Wells determined on Oct. 4, after he says he consulted with the Oregon Schools Activities Association, that the student was unable to participate in athletics. The OSAA told Wells he was correct, but he could submit the case to the District Athletic Committee, of which Wells is chairman, for a second look. Wells did not do so.

“The case has no merit,” he said.

According to Wells, neither Pinkerton nor any school board has asked him for details about the case.

The letter states that on Monday, Oct. 8, school principal Blake Carlsen and Wells discovered that a student’s attendance records had been altered. Carlsen conducted interviews of all individuals with access to student records, and each individual denied involvement.

However, Carlsen determined the culprit through a computer audit. Pinkerton was notified of the investigation, but allegedly created another position for the employee in a different part of the school. No disciplinary action was taken against the employee. According to Wells, the only reason the student’s attendance records were restored to their original state is because he had taken screenshots of them.

The school board then held an executive session for the student to let him explain his side of the story. They did not ask Wells for input. The board then issued a letter to the student, noting that if he raised his grades at the alternative education school he attends, the board would allow the superintendent to submit a reinstatement request to the District Athletic Committee.

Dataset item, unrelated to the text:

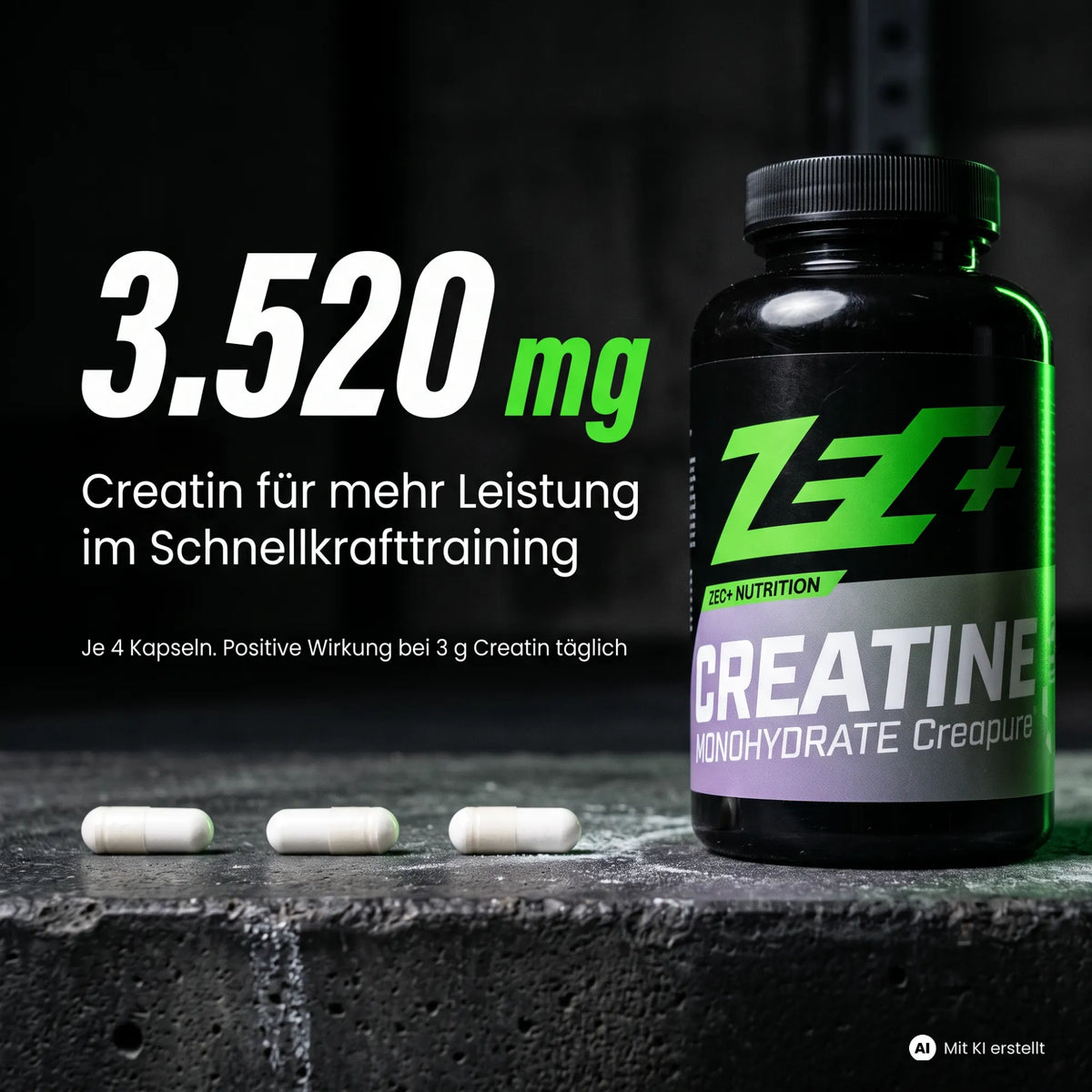 ZEC+ CREATINE MONOHYDRATE CREAPURE 180 Kapseln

“This was never a grades question,” Wells responded. “What’s most frustrating is that when the school board publishes a letter to the family that Blake Carlsen and Larry Wells mishandled the case, when no one consulted me for my facts and my timeline,” Wells said.

Wells says his access to attendance records was also curtailed without notification. Because of this, Wells asserts violations of school policy. He stated that access to those records is pertinent to his job to determine eligibility.

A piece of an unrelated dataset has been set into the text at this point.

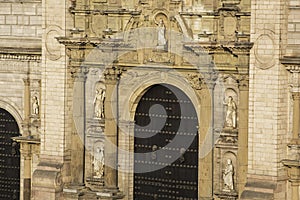 Catedral Basilica de Lima en Plaza Mayor, Lima, Peru photo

In addition Wells claims that the school board, without due process or review of factual guidelines and timelines, issued a letter to the parents of the student that was critical of Wells’ and Carlsen’s actions. The school board was also unwilling or unable to supply Carlsen with details of how he or Wells violated policy of the District Athletic Committee eligibility requests as the aforementioned letter stated.

According to Wells, the 18-year-old student formally withdrew from Enterprise after starting football practice here and went to stay with non-custodial parents in California, where he enrolled in three different schools.

“All the circumstance of him leaving and returning were fully within his control as well as his custodial parents,” Wells said.

Wells said that it was his opinion that the superintendent or school board didn’t want to tell the student’s parents that their son was ineligible. Instead, they’ll let the athletic committee or ultimately the OSAA make a ruling.

“I’d like to know why this particular kid is so important,” Wells said.

Enterprise School District superintendent, Erika Pinkerton, disagreed with Wells’ interpretation of events.

She affirmed that she and the board decided to move forward with a hardship eligibility request to the District Athletic Committee if the student met the board’s requirements.

Pinkerton stated that the school attendance alteration was done because the student was a 10-day drop and the Oregon Department of Education requires that when the school drops a student from the rolls that the records are accurate.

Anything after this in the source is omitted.